The producer said: "If the market situation does not change, I'll have to reduce production rates."
The tyre industry is the largest consumer of styrene butadiene rubber (SBR), and demand from the sector strongly influences the performance of the SBR market.
The producer's comments came after Japanese tyre maker Bridgestone announced last week that it would close one of its European plants in Bari, Italy in response to falling tyre sales. Bridgestone was the second tyre maker to announce closures this year, preceded by Goodyear in Belgium in January.

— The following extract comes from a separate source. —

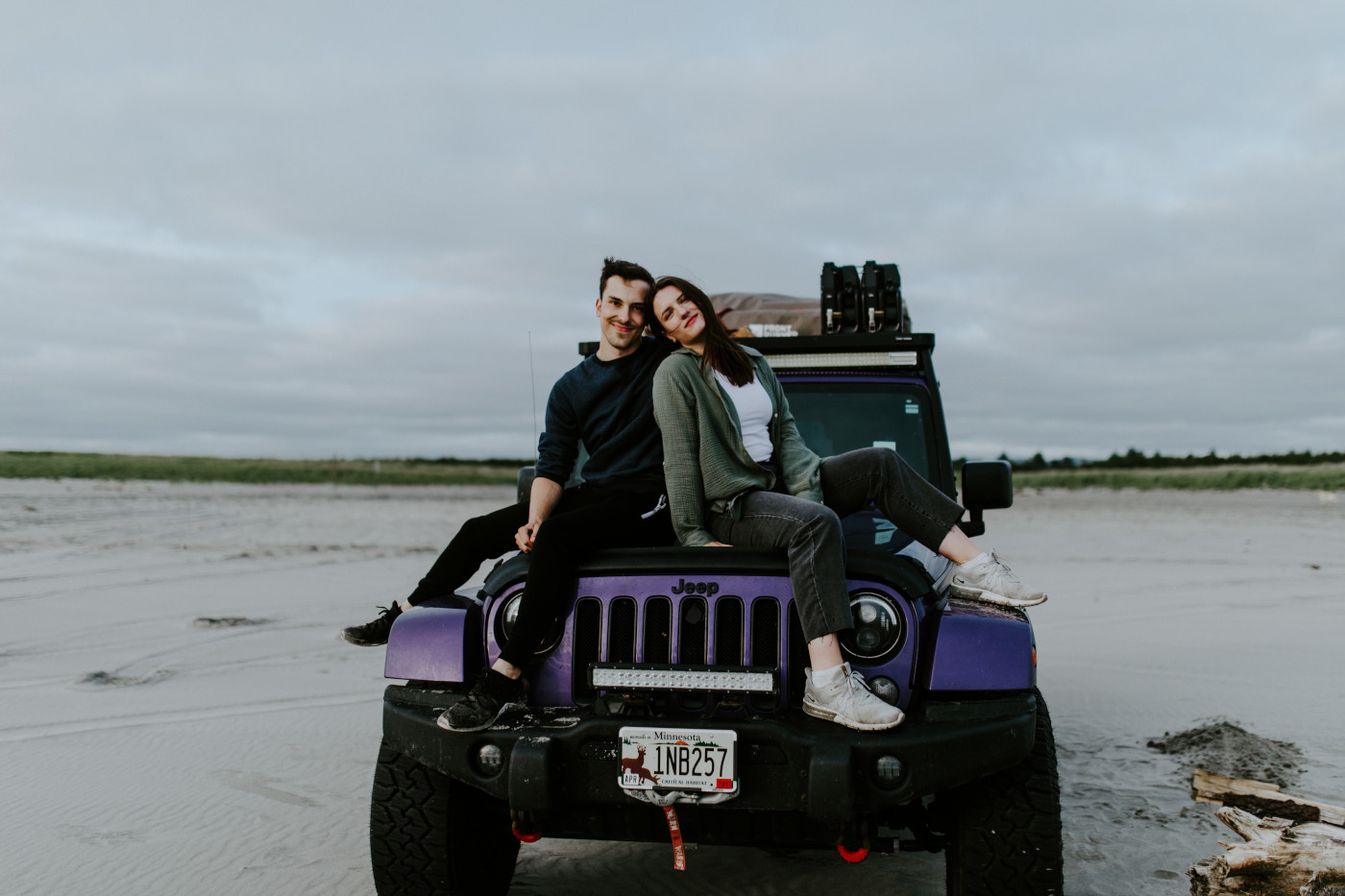 Taylor and Kyle Sit on the Jeep. Elopement photography at North Cascades National Park by Sienna Plus Josh.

Despite the weak current demand, some good news emerged during the 2012 results season. German tyre major Continental seems to have weathered the crisis better than its competitors and reported a €1.9bn ($2.5bn) increase in its 2012 profits on the back of a 7.3% increase on sales to €32.7bn during the year.
Despite dire prospects in the European tyre market, Continental forecasts a 5% growth in sales in 2013.
"SBR demand is not expected to improve much during 2013, mainly driven by poor demand from the automotive, tyre and industrial rubber sectors," an SBR trader said.
It added that there has been hardly any interest in obtaining spot material, and even China and other parts of Asia seem to be slowing.